Today’s reading is drawn from Acts 16:22-34.
Paul and Barnabas have a serious disagreement, so Silas takes Barnabas’s place as Paul begins his second missionary journey. In Lystra, a young disciple, Timothy, joins their team.
Desiring to take the gospel to Europe, God gives Paul a dream of a man in Macedonia calling for help. The group sails across the Aegean Sea and travels to Philippi. Lydia, a trader of purple cloth, believes in Jesus. Paul casts a demon out of a slave woman who predicts the future; her owners are furious. They have Paul and Silas thrown in jail. As they pray and sing, God brings an earthquake, bursting open the jail cells. The jailer and his family believe in Jesus.
God leads Paul and his companions to Thessalonica. Some of the Jews accuse Paul of proclaiming a king other than Caesar. The city is in an uproar — the new believers send the missionaries to Berea. The Jews in Berea search God’s Scriptures, and many trust Jesus. But when Jews from Thessalonica track Paul down, he has to leave Berea. Timothy and Silas stay while Paul is escorted to Athens.
In Athens, Paul dialogs with the Athenian philosophers at the Areopagus. He points out their altar to an unknown god and tells them about Jesus. Many believe.
Paul travels to Corinth and meets a believing couple, Aquila and Priscilla.

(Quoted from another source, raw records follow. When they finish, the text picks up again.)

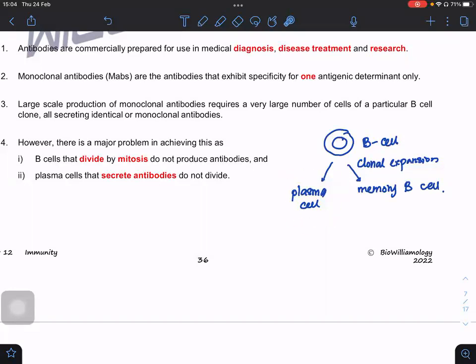However, B cells themselves cannot produce antibody — they can only divide because they are not yet specialized. If we give cytokines, we get plasma cells, and plasma cells secrete antibody. But the problem is plasma cells do not divide and they are short-living cells, so large-scale production is impossible.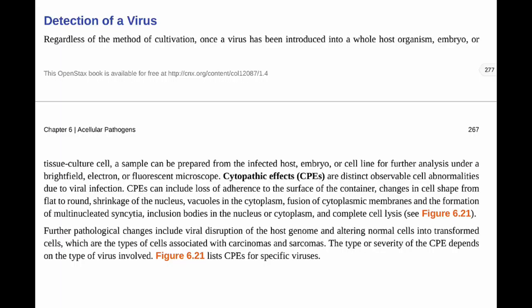Let's take a look at how we detect a virus. We've talked about how we can grow viruses in a laboratory in vitro — in a test tube, plate, or petri dish — and then in vivo when we looked at an actual living organism, for example in a hen's egg.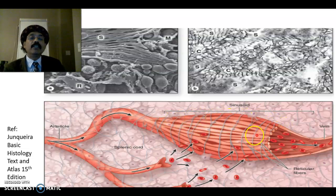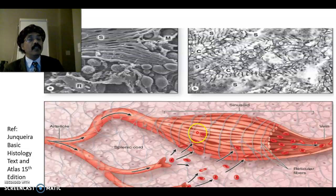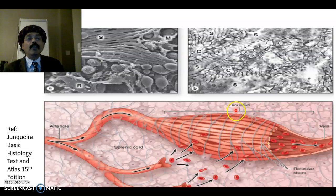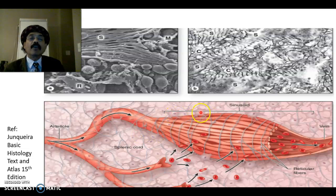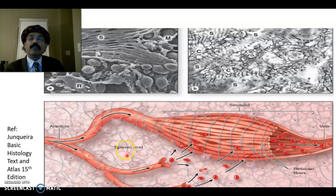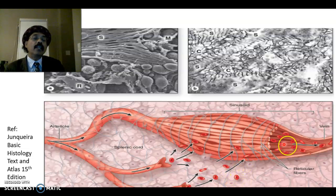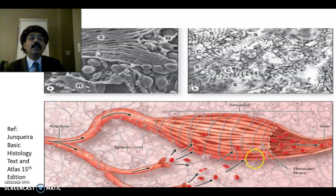This is the splenic sinusoid. These are the endothelial cells — very special, elongated cells called stave cells. We also see some reticular fiber and a lot of macrophages here. Macrophages take out the worn-out RBCs. The RBC must travel from the splenic cord area through the space between the endothelial cells to go to the vein; old cells that cannot pass are phagocytosed.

Silas and Timothy catch up with him there. After the Jews reject his teachings, Paul starts to teach the Gentiles. He stays for a year and a half, then departs for Ephesus, where he stays briefly, leaves and then returns. God is growing his kingdom.
The King’s Heart
Before God sent his Son to earth, people did their best to figure out the answers to their meaning-of-life questions: Why are we here? Where did we come from? The Greeks invented gods and mythologies, guessing about what these gods were like. Philosophers pontificated.

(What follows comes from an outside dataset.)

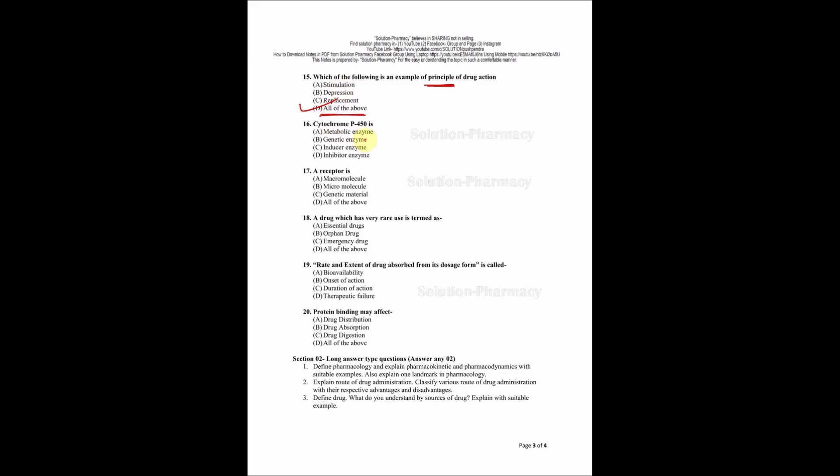Cytochrome P450 is metabolic enzyme, genetic enzyme, inducer enzyme, or inhibitor enzyme? Options are confusing. B is totally wrong. It may be chances of C or D, but I have a clue. Enzyme inducer and inhibitor enzyme are not available - these are the drugs which can inhibit or induce enzyme. So these two are also wrong. The right answer is metabolic enzyme.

As Paul pointed out, the Athenians stumbled on some truths. Paul built on those truths, helping the Athenians see how their hearts were already longing for who God really is.
If God had not sent his Son, we would have spent our lifetimes trying to figure him out, never knowing what was really true. But thankfully, God wants us to know him. And because of his heart, and because he sent people like Paul who are zealous for it, we do.
Paul quotes some of the Athenian’s own poets when he says “For in him we live and move and have our being,” and “We are his offspring” (see Acts 17:28). Paul affirms the truth of these ideas, but explains that they’re about God, not Zeus.